Wunderkind’s analytical prowess comparable to people three times his age.

Every midsummer, much of Japan is treated to the sights and piercing sounds of cicadas. These large insects, which are about three inches long, look like little pieces of poo and fly around with all the grace of a fork thrown by a 2-year-old, bumping into walls, buildings, and occasionally my head. Still, they’re loved by kids because they’re kind of stupid and really easy to catch.

▼ Wait about 20 seconds for the sound to really kick in

Another feature of summer in Japan is that kids are given the task of doing an independent study project for their vacation, and this is where our story begins: Eight-year-old Jun Kitayama of Kameoka, Kyoto decided to mix his study with pleasure through his hobby of collecting discarded cicada husks.

He did the same project last year, but is continuing his research in order to compare the results and what he found was beyond anyone’s expectations. It wasn’t just the fact that the third grader managed to gather about 5,000 husks, but he found some disturbing trends overlooked by grown-up experts.

First, in both years the majority of cicadas found in Kyoto City were of the species kumazemi (Cryptotympana facialis). However, this year there were significantly fewer aburazemi (Graptopsaltria nigrofuscata) husks found. Kitayama’s assistant, 62-year-old Joji Nakada of the Kameoka City Global Environment Children’s Village, confirms this is indicative of a yearly decline in the aburazemi population.

More unsettling is that this year, 207 of the 1,370 kumazemi molted shells still had the dead bodies of cicadas inside. Amounting to 15 percent of the insect’s numbers, this suggests an environmental factor was contributing to their demise.

▼ A lucky surviving cicada freshly emerged and standing on its larval husk

Kitayama postulates that it was the recent heatwave that may have caused the deaths, but being the professional he is, he realizes that more research is needed for more conclusive results.

Netizens were amazed at the youngster’s tenacity and discipline to uncover such results for a project that many kids just spend by growing mold on bread or turning a plastic bottle into a rocket.

“His investigative skill is the real deal!”
“Th-That was just his summer project?!”
“He will be an excellent scholar.”
“Super elementary student.”
“Maybe he will be the next Jean-Henri Fabre.”

Nakada agreed, saying that Kitayama’s “seriousness towards fieldwork is on par with a university student’s.” He added that Kitayama took detailed notes on where he found each of the thousands of husks, noting nearby tree features and thinking critically about his own findings.

Kitayama shows no signs of tiring either, telling media he wants to continue his work and that the next step is to take measurements of the sizes among the husks over the years in search of trends.

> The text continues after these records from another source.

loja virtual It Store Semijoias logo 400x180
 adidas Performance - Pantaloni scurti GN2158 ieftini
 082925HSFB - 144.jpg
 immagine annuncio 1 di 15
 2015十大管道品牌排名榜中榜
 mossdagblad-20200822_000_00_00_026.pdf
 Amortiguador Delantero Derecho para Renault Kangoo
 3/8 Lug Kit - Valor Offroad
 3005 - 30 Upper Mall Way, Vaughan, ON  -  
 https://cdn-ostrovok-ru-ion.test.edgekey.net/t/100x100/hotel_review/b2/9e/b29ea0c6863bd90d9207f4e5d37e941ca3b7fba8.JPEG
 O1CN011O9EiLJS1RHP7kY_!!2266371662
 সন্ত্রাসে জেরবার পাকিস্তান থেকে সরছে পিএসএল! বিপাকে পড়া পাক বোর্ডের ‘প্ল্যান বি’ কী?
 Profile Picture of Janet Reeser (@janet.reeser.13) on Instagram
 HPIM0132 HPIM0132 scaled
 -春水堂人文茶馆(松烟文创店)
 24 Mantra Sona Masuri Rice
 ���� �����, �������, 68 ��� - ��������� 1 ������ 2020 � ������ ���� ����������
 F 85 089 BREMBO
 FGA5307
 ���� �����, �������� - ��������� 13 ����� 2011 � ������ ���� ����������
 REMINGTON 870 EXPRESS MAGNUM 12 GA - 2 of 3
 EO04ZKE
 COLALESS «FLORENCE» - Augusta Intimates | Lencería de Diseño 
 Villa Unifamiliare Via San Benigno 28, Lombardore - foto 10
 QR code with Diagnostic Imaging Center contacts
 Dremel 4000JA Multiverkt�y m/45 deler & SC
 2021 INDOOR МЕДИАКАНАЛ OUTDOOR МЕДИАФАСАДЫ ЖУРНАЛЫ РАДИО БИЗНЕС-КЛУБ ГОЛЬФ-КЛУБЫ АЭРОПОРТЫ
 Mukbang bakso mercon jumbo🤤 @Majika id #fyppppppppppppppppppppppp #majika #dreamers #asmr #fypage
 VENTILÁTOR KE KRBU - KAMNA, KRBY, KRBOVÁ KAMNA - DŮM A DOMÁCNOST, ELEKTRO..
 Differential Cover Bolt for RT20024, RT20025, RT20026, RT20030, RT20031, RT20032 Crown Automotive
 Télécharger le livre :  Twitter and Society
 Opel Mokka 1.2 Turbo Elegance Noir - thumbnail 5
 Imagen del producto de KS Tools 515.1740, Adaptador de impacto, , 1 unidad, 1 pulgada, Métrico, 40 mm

“I think the high temperatures are affecting them,” he told Kyoto Shimbun, “I want to uncover the mystery behind the shrinking cicada population.”

It’s a great example of how sometimes just letting a child follow their core interests can lead to more fruitful education than any rigidly predetermined curriculum. It’s almost as if the country with the highest rated education and Nobel Prize Laureate were onto something.